── Supplied information
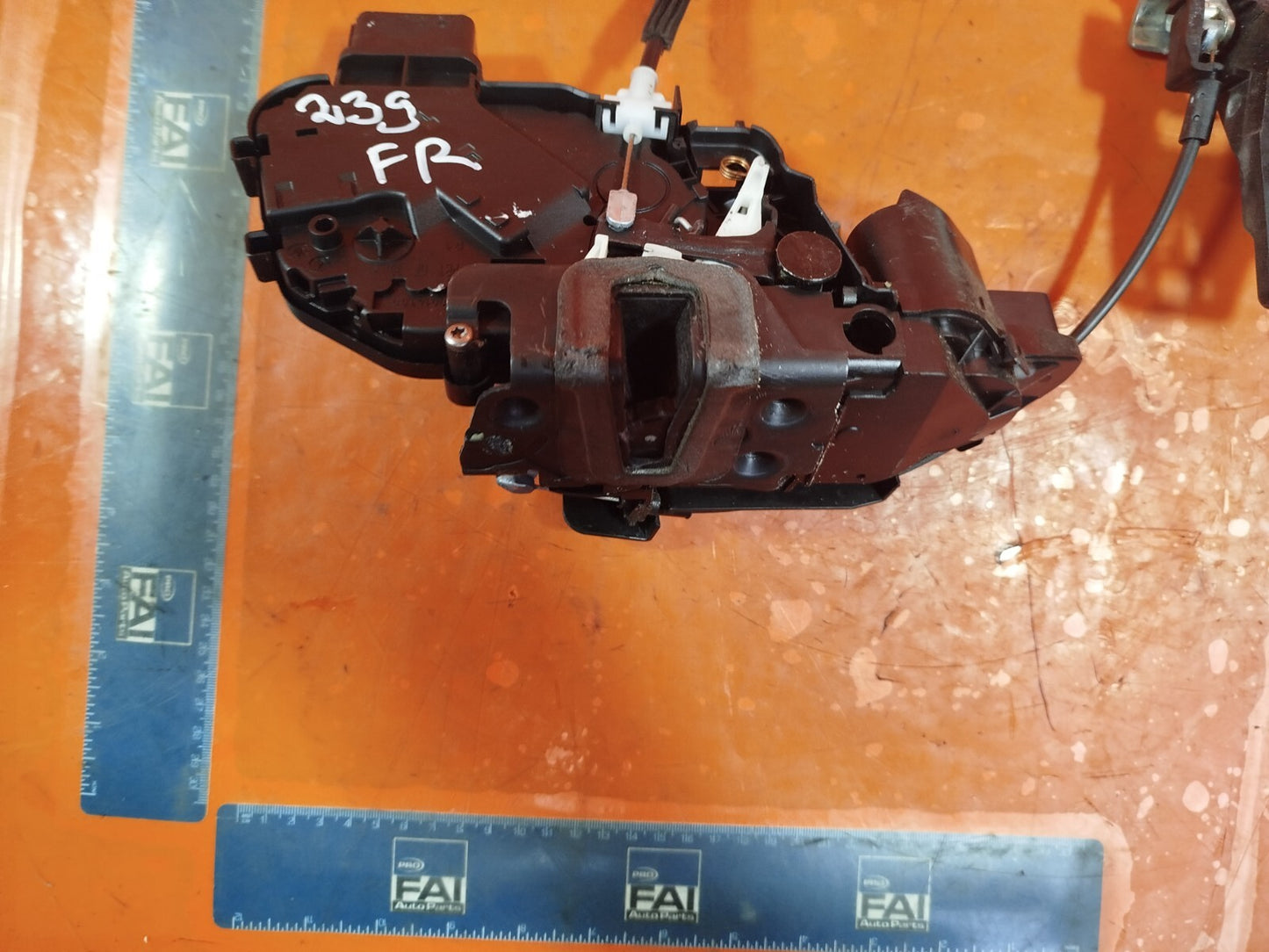 ✅LAND ROVER DISCOVERY 4 L319 3.0 DIESEL 2011 FRONT RIGHT DOOR LOCK 6W8A21812GD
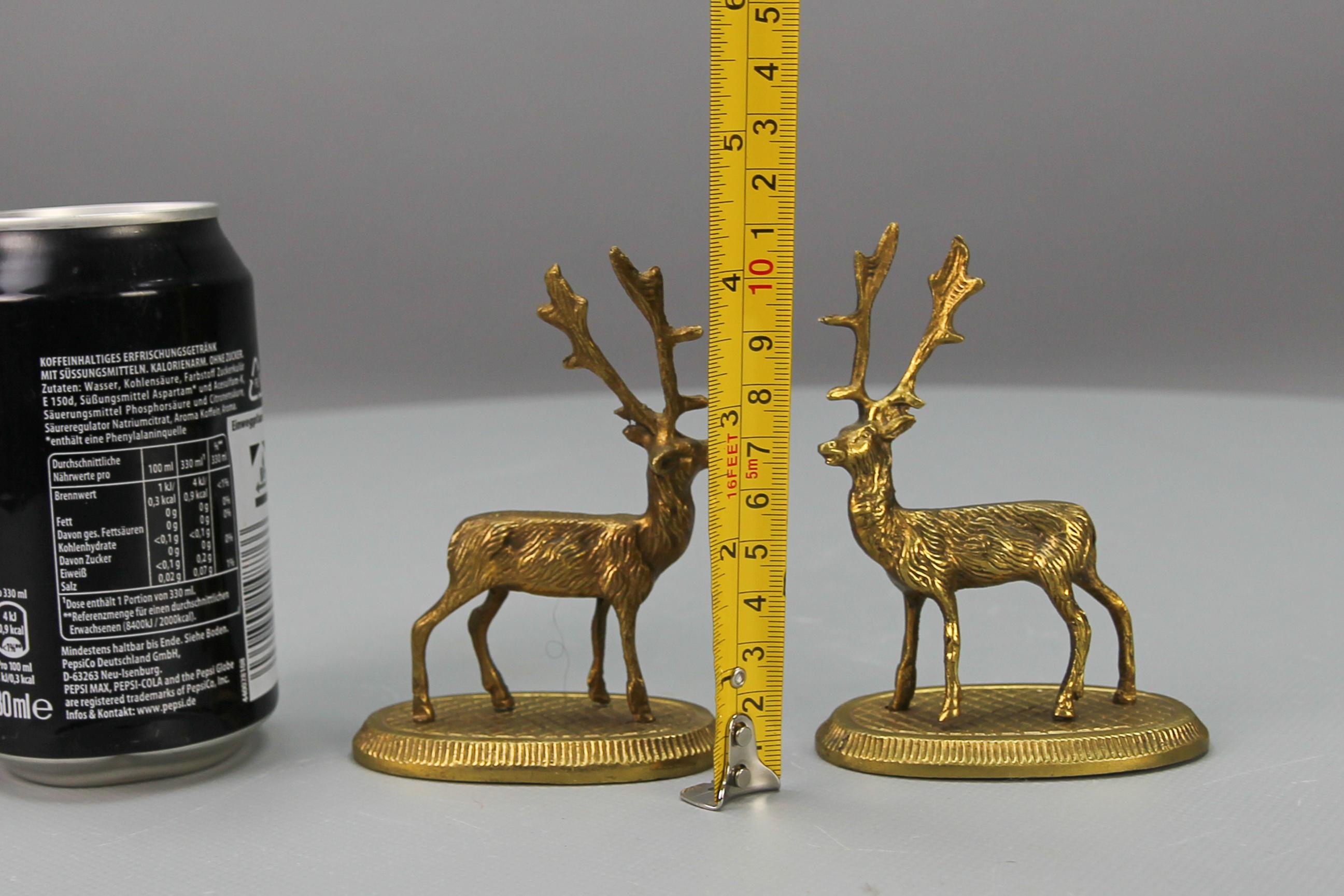 Figurines de cerfs en bronze, lot de deux en vente 5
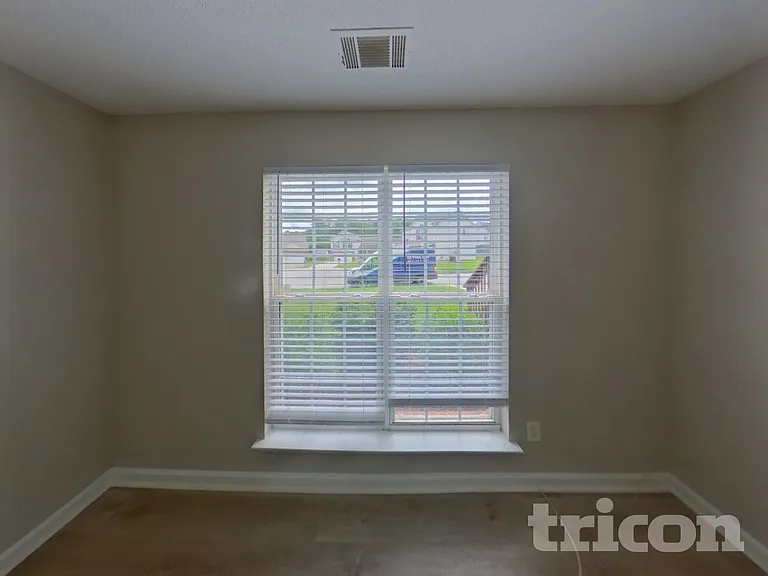 5741 Amerson Ln — Photo 20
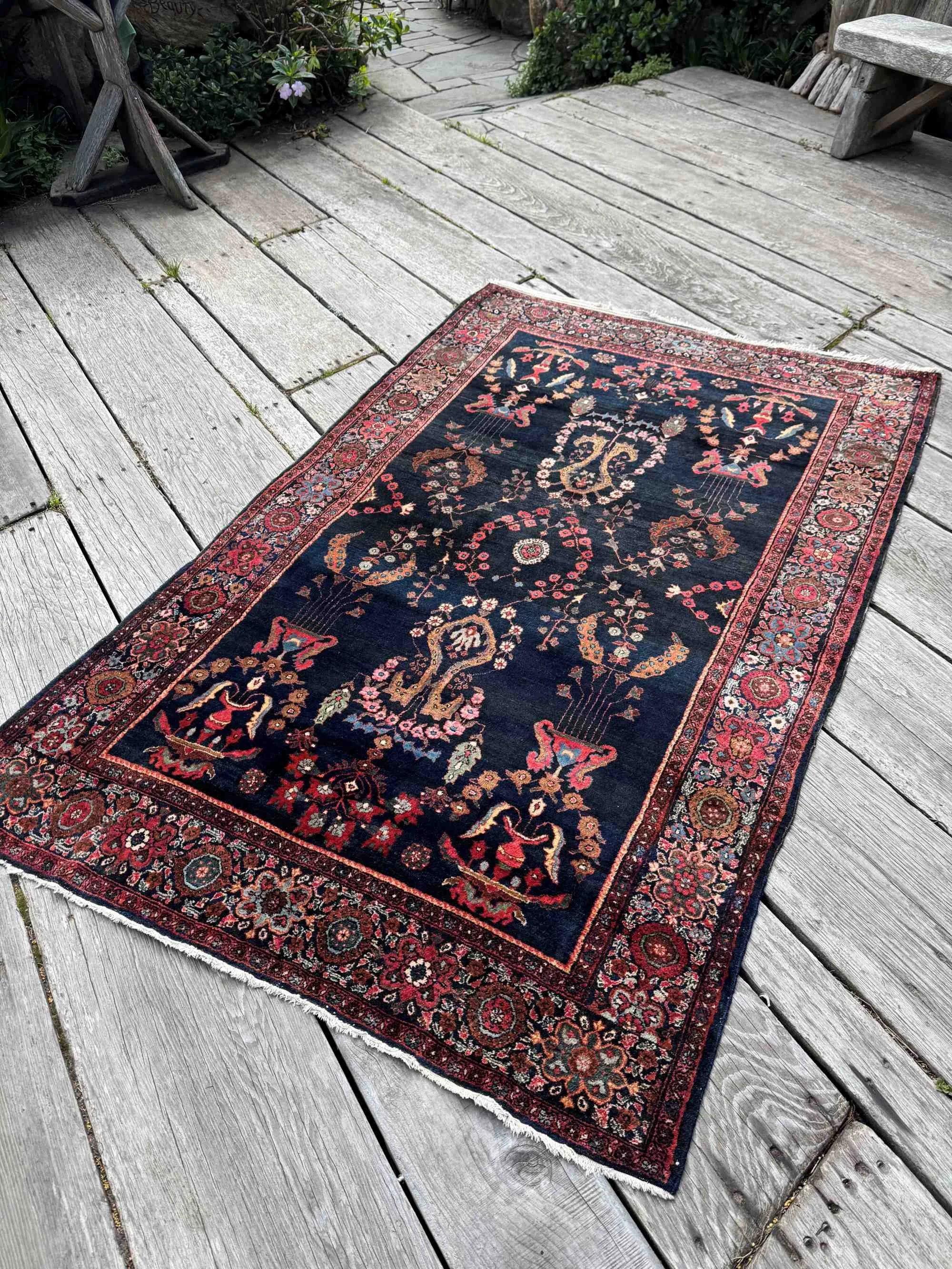 Sarouk rugs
────
# Problem details:
Your reply should give again exactly the lines from the one with "Figurines de cerfs" through the last line of the data, with both ends included and pictures left out.

# Final answer:
 Figurines de cerfs en bronze, lot de deux en vente 5
 5741 Amerson Ln — Photo 20
 Sarouk rugs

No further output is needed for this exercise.